Open dkubatin opened 4 years ago
Try to use new commit: https://github.com/AlexeyAB/darknet/commit/6878ecc2e2b26d383cf65811b9d9e17375ca14ed
It is also noted that yolo-5l does not use the GPU memory at full power for this particular model. This problem is observed on several PCs.
It doesn't matter.
Great, the problem is gone, thanks!
Hi, @dkubatin and @AlexeyAB Now, It gives the error when it calculates the mAP during training. I'm training yolov3-tiny_3l. The output is like:
calculation mAP (mean average precision)... 4CUDA Error Prev: an illegal memory access was encountered CUDA Error Prev: an illegal memory access was encountered: Success darknet: ./src/utils.c:297: error: Assertion '0' failed. Aborted (core dumped)
@canyilmaz90
nvcc --version
nvidia-smi
@AlexeyAB , before your questions, I think the problem is that I was working on a remote connection. I used ssh -X user@ip
. I had a previous version of the repo stored in my own pc and I moved it to the remote computer, but it gave the same error too. But, in both repos (newest and older) it worked on my own computer. In the remote computer, it works also until the map calculation. I think the problem may be about the ssh connection. If so, do you have any suggestions for it?
Can you calculate the mAP on the same dataset with command ./darknet detector map ... ?
- Yes, I can. Attach your cfg-file in zip
- I think it's not about the cfg-file because I didn't change much, only the classes, filter sizes before yolo layer and the number of iterations, etc. Do you use the latest version of Darknet?
- Yes, I use the latest version. I cloned it yesterday. What params do you use in Makefile?

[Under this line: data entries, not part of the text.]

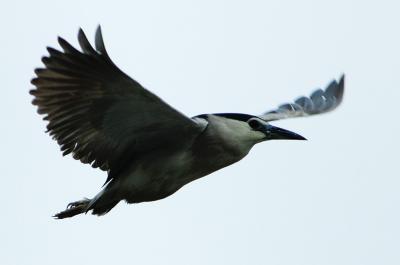 The Night-Heron flew over Guandu Wharf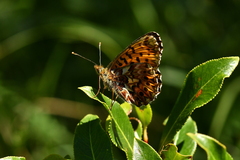 Boloria titania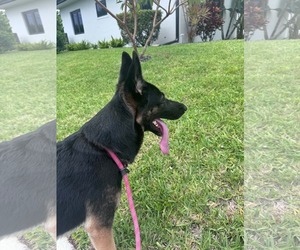 German Shepherd Dog Dogs for adoption in Plantation, FL, USA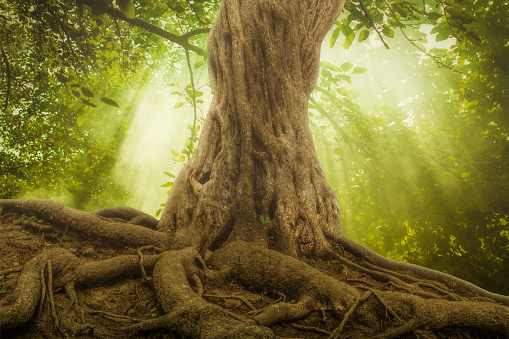Gran árbol raíces y Rayo de sol en un bosque verde photo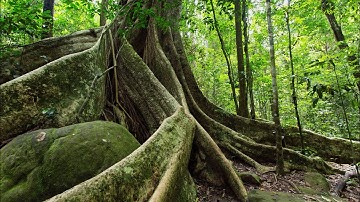 Fig Tree Religion - Part 1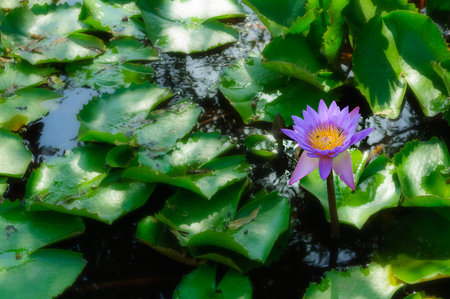 Water-lily flowers in a pond, Jaswant Thada, Jodhpur, Rajasthan, Indiaのeditorial素材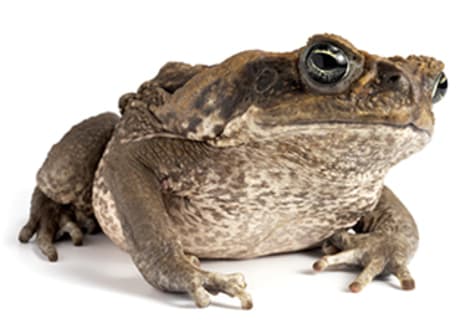 Cane toads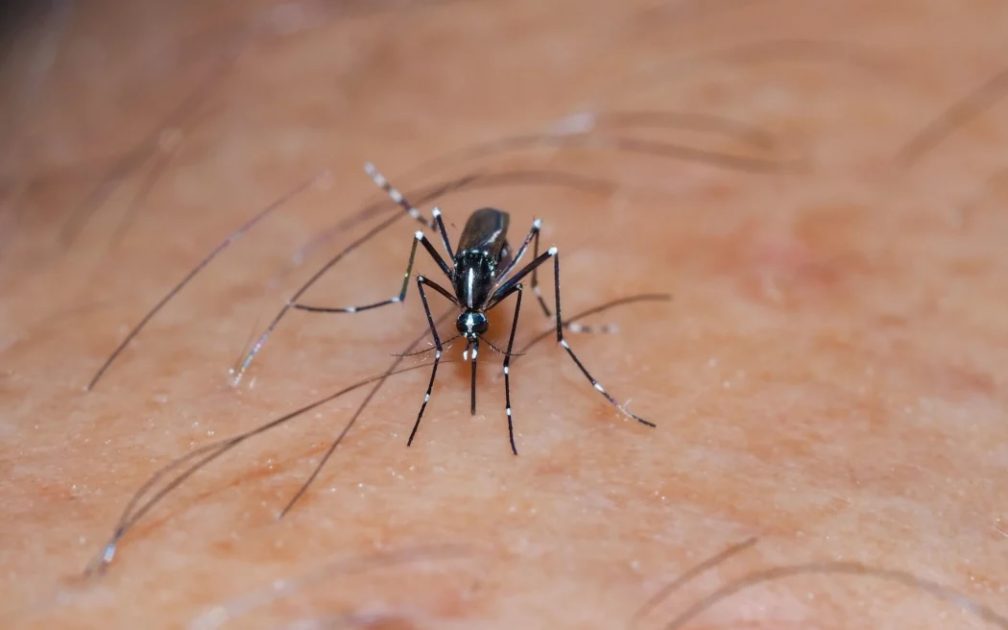 A dengue fever outbreak was declared on Friday.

- GPU=1, CUDNN=1, OPENCV=1, the rest is the same.
nvcc --version
&nvidia-smi
Show first 10 lines when you run any darknet command
- CUDA-version: 10000 (10010) Warning: CUDA-version is lower than Driver-version! , cuDNN: 7.6.4, GPU count: 4
OpenCV version: 4.9.1 net.optimized_memory = 0 batch = 1, time_steps = 1, train = 0 layer filters size/strd(dil) input output 0 conv 16 3 x 3/ 1 448 x 448 x 3 -> 448 x 448 x 16 0.173 BF 1 max 2x 2/ 2 448 x 448 x 16 -> 224 x 224 x 16 0.003 BF 2 conv 32 3 x 3/ 1 224 x 224 x 16 -> 224 x 224 x 32 0.462 BF
OpenCV version: 4.9.1
This is very strange, since the latest OpenCV 4.2.0: https://opencv.org/releases/
I think the problem may be about the ssh connection. If so, do you have any suggestions for it?
I think you something doing wrong: incorrect paths, dataset, cfg-file, or didn't recompile darknet on new computer, ... Try to download darknet again
This is very strange, since the latest OpenCV 4.2.0: https://opencv.org/releases/
Indeed! But only the darknet shows it as 4.9.1, and the training without map calculation goes very well, so I didn't mind it. btw, the real version of OpenCV is 3.4.8-pre
I think you something doing wrong: incorrect paths, dataset, cfg-file, or didn't recompile darknet on the new computer, ...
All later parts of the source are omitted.